TASK INPUT START

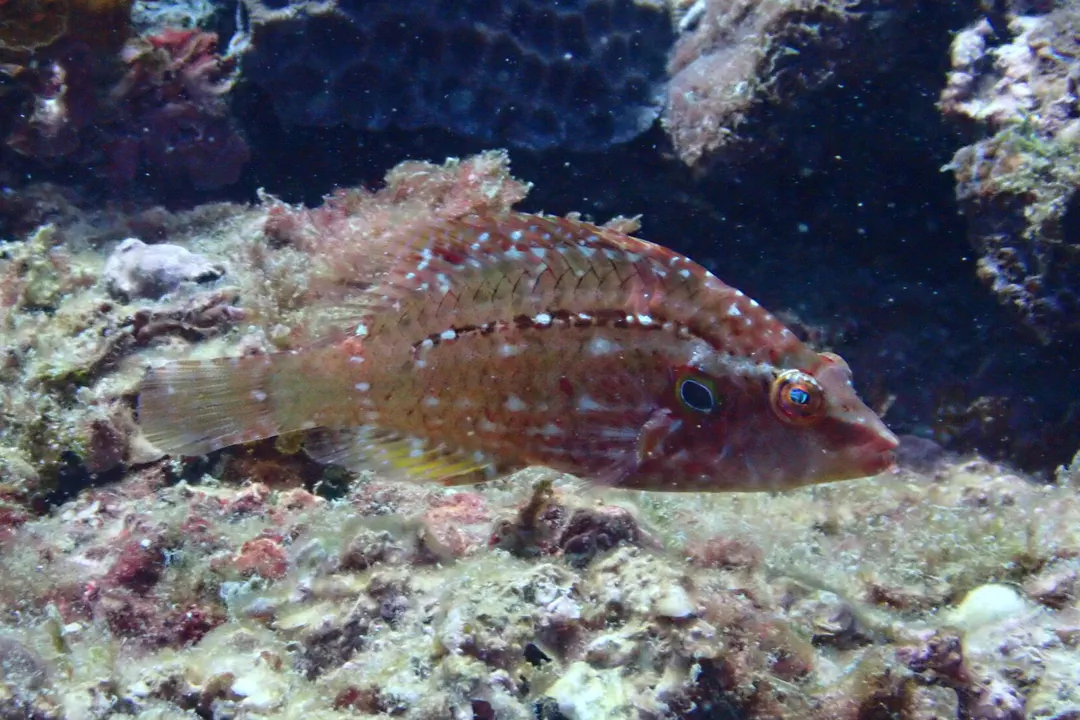 Cockerel Wrasse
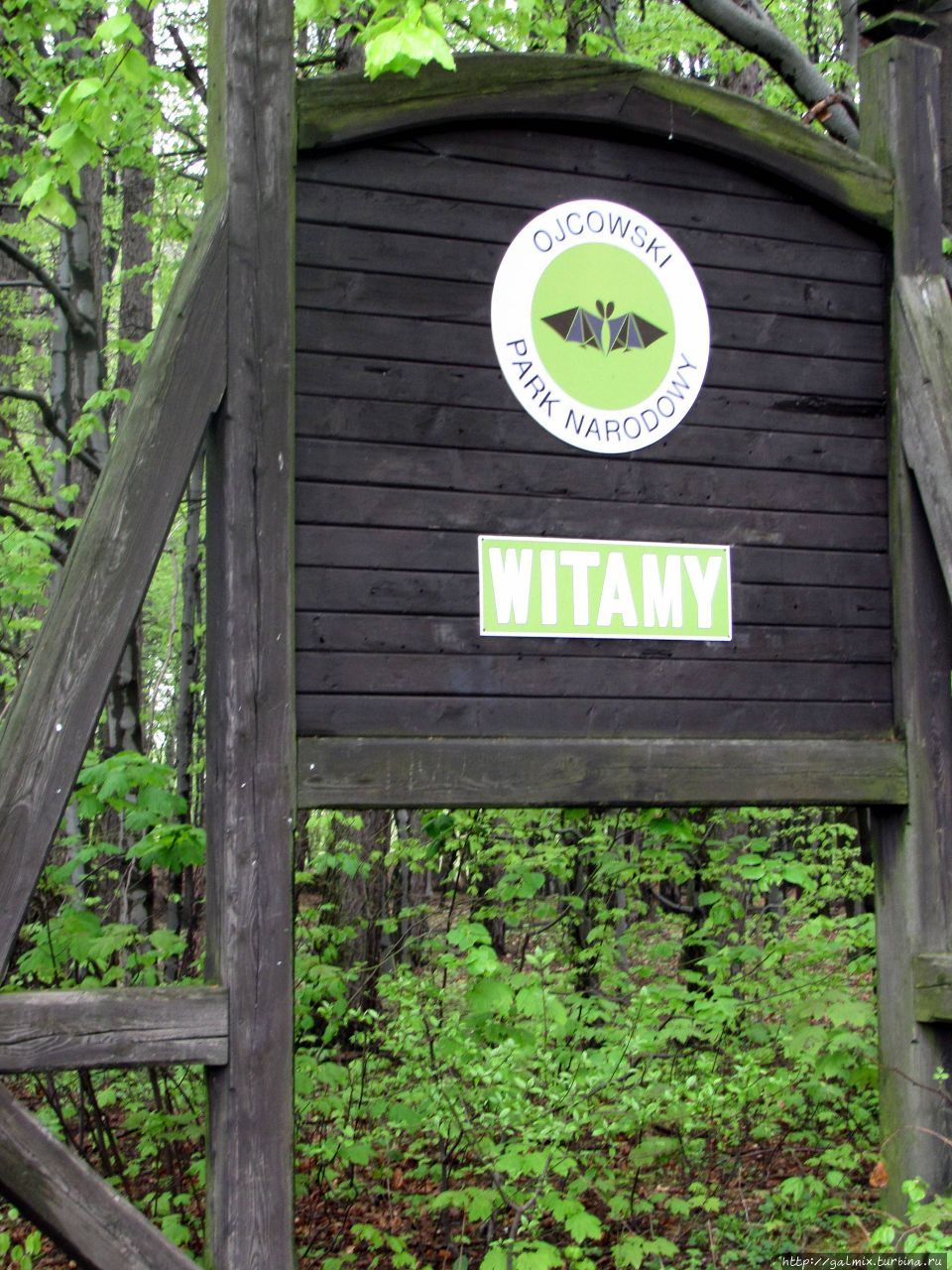 Прогулка по Ойцовскому парку. Краков, Польша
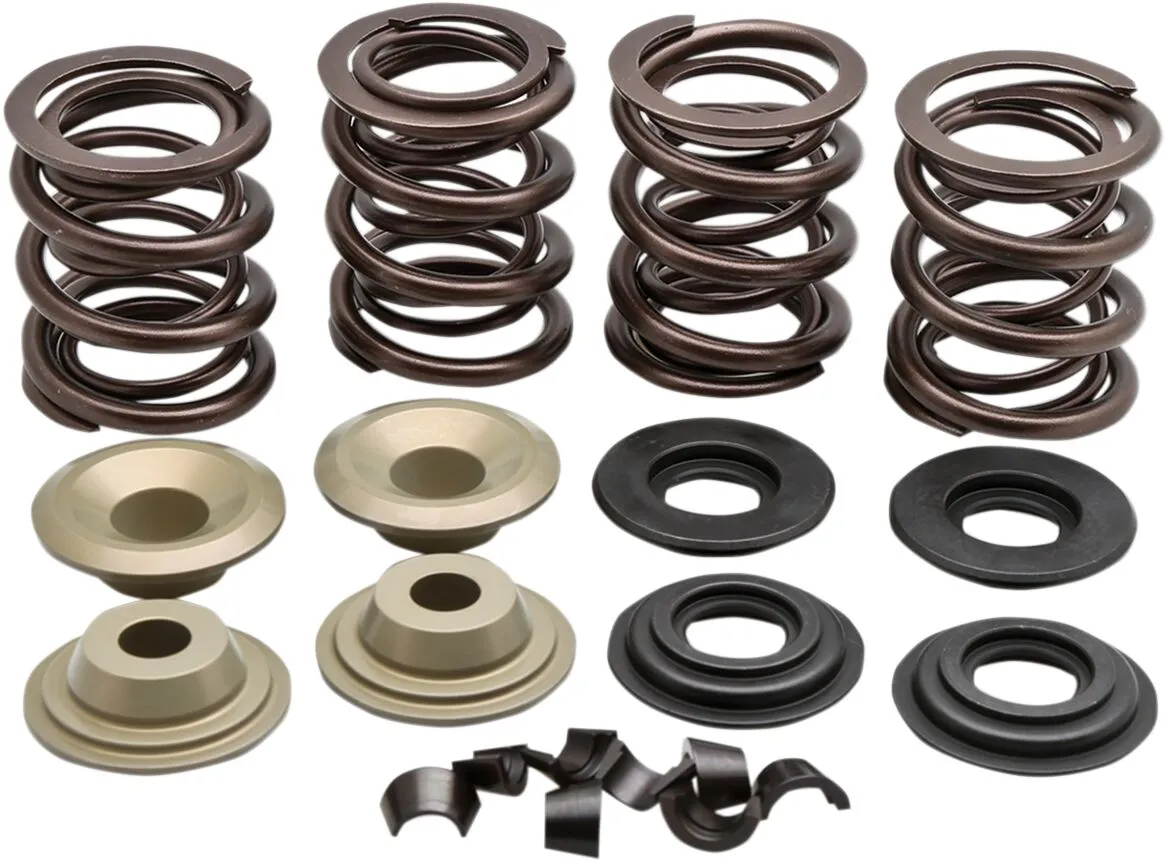 Racing Valve Spring Kit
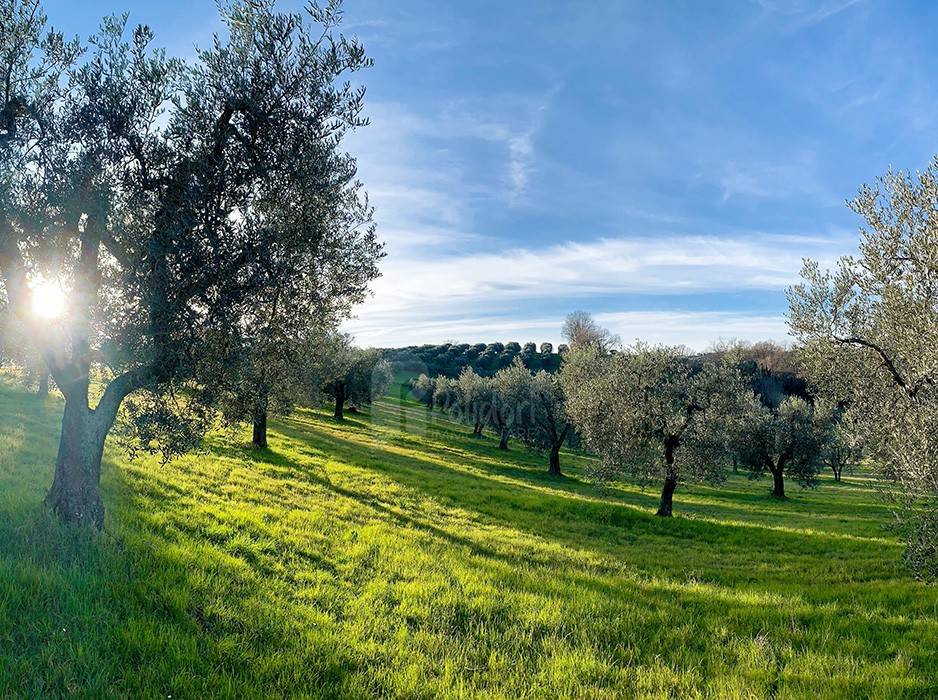 Terreno a Poggio mirteto - Foto 3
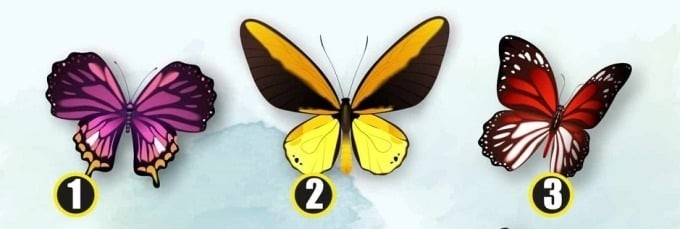 Chọn 1 con bướm nhé!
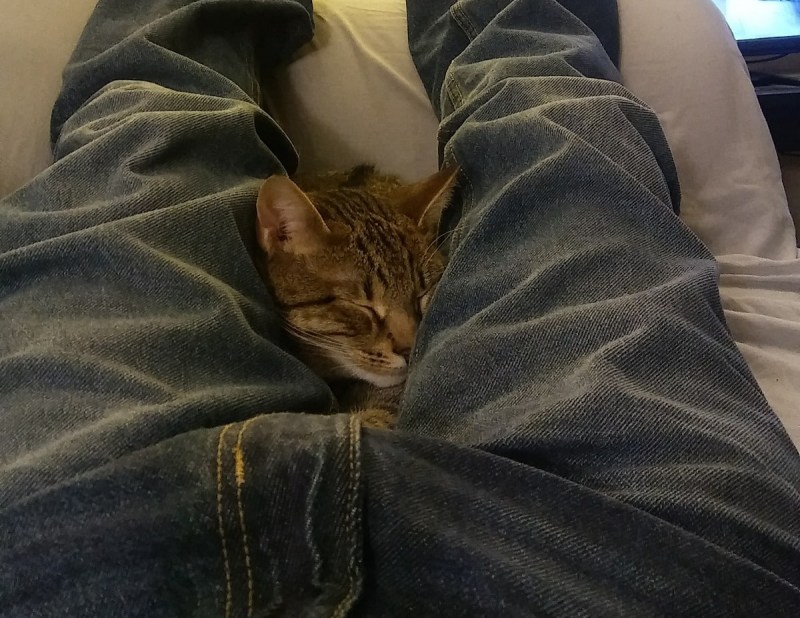 Коты и лично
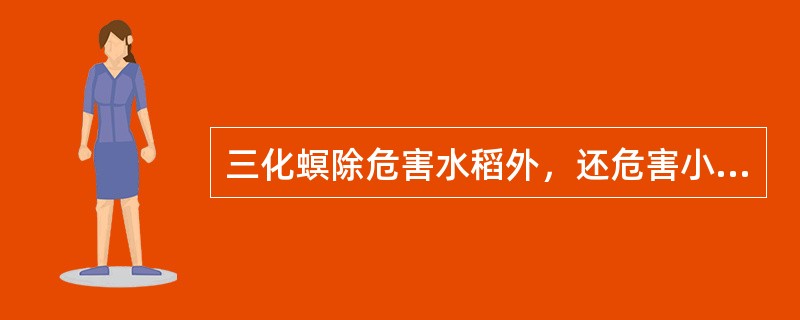 三化螟除危害水稻外，还危害小麦、茭白等。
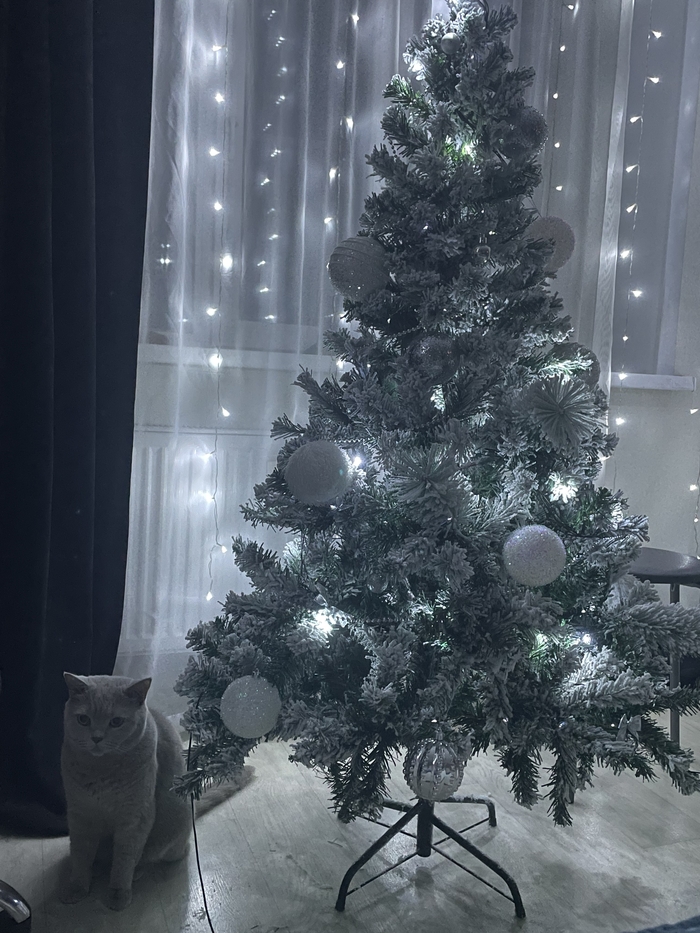 Показательное безразличие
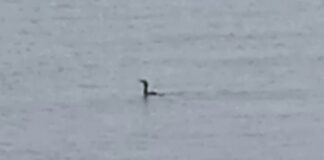 Avvistato un esemplare di cigno nero all’altezza della Spiaggia del Pretore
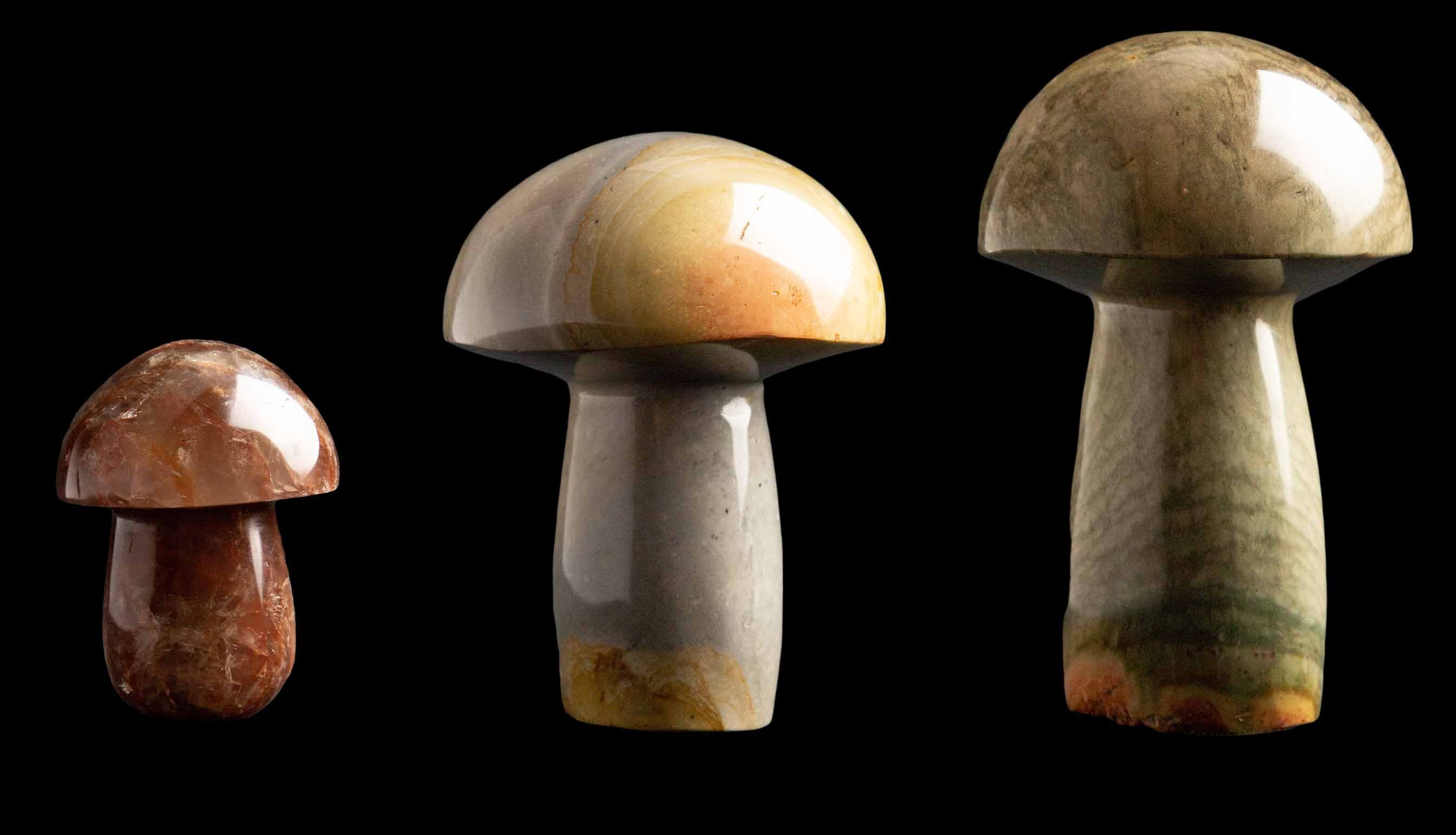 Mineral Mushrooms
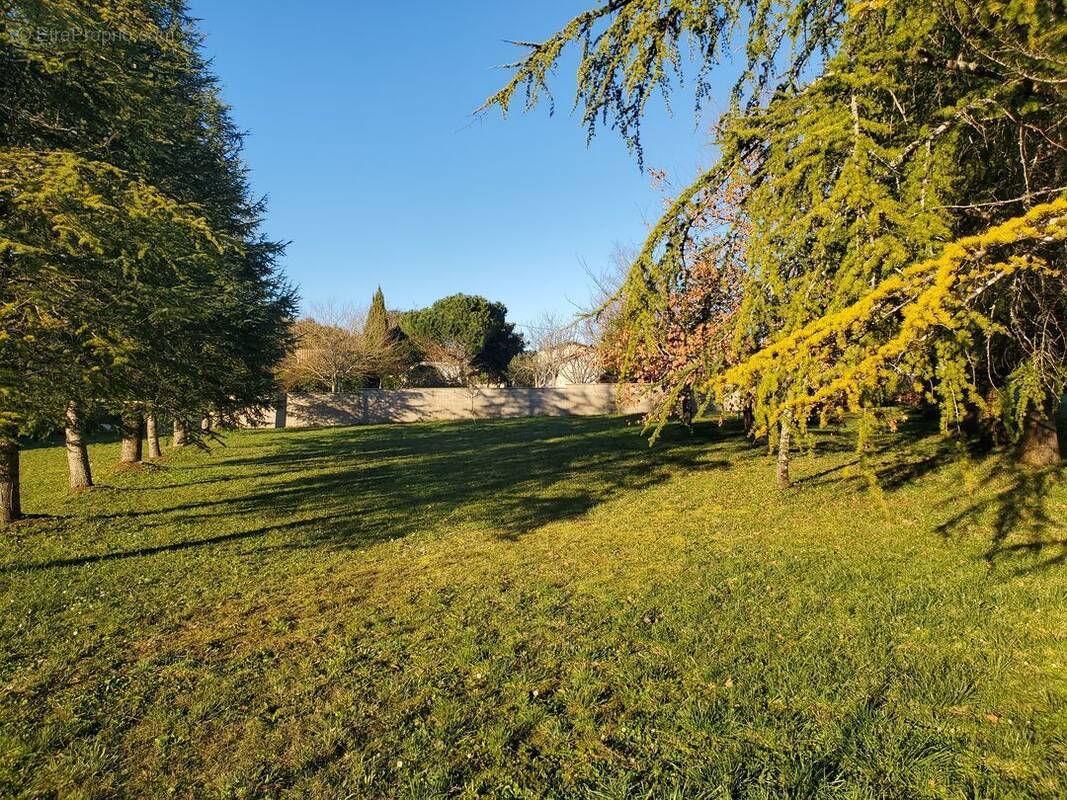 Terrain à BRIE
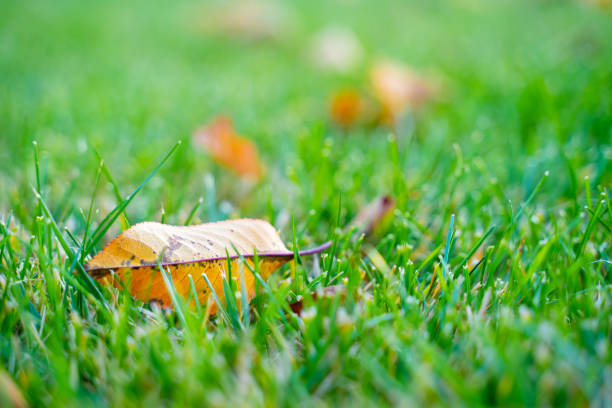 A dry fallen leaf lies in a green saturated grass close-up on a blurred background. Yellow leaf of a fruit tree on a juicy lawn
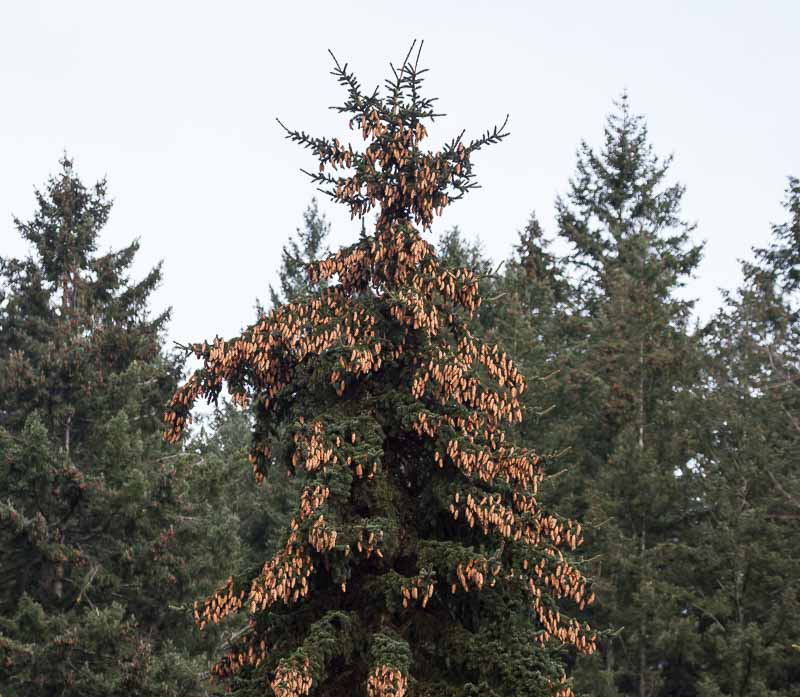 Carl Erland  Sign of Hard Winter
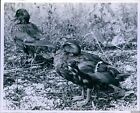 1960 Oil Soaked Ducks To Be Rescued From Gibraltar Michigan Animals 8X10 Photo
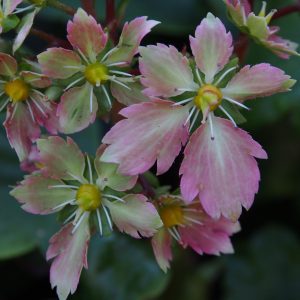 Saxifraga cortusifolia Kichi JP – Bild 6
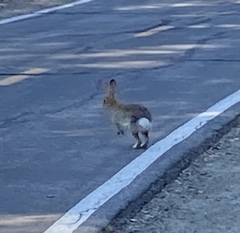 Sylvilagus audubonii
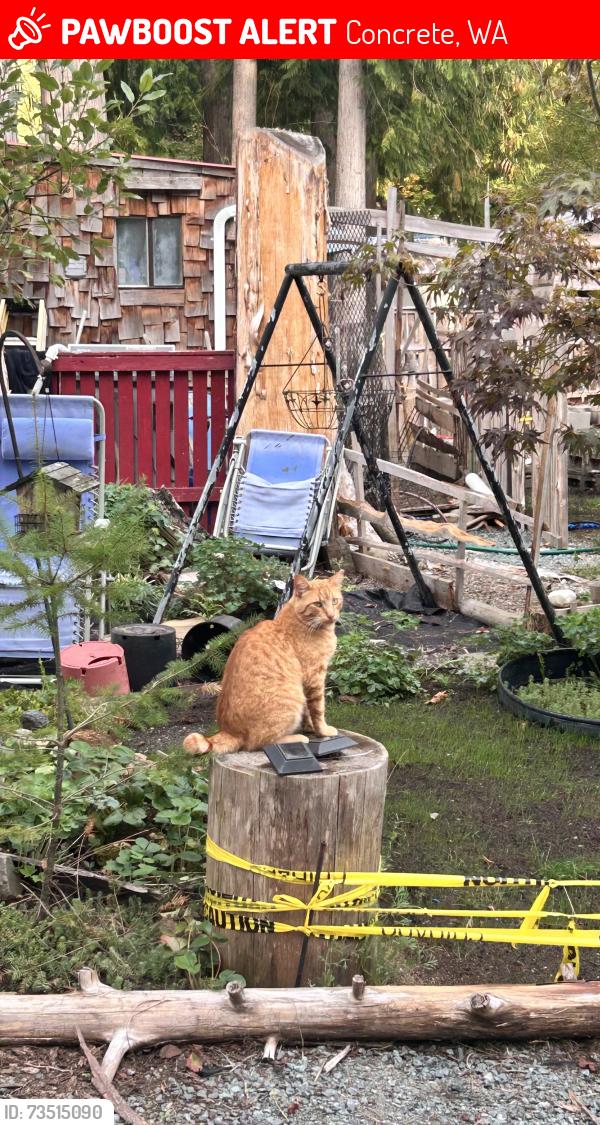 Lost Male Cat last seen Cedar Grove Park, Concrete, WA 98237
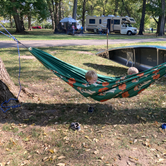 Review photo of Chippewa Campground — Kankakee River State Park by Norman V., January 6, 2025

TASK INPUT END

From the records above, quote word for word only the lines beginning at the line that has "Terreno a Poggio mirteto - Foto 3" and stopping after the line that has "of Hard Winter". Omit the pictures.

● RESULT:
 Terreno a Poggio mirteto - Foto 3
 Chọn 1 con bướm nhé!
 Коты и лично
 三化螟除危害水稻外，还危害小麦、茭白等。
 Показательное безразличие
 Avvistato un esemplare di cigno nero all’altezza della Spiaggia del Pretore
 Mineral Mushrooms
 Terrain à BRIE
 A dry fallen leaf lies in a green saturated grass close-up on a blurred background. Yellow leaf of a fruit tree on a juicy lawn
 Carl Erland  Sign of Hard Winter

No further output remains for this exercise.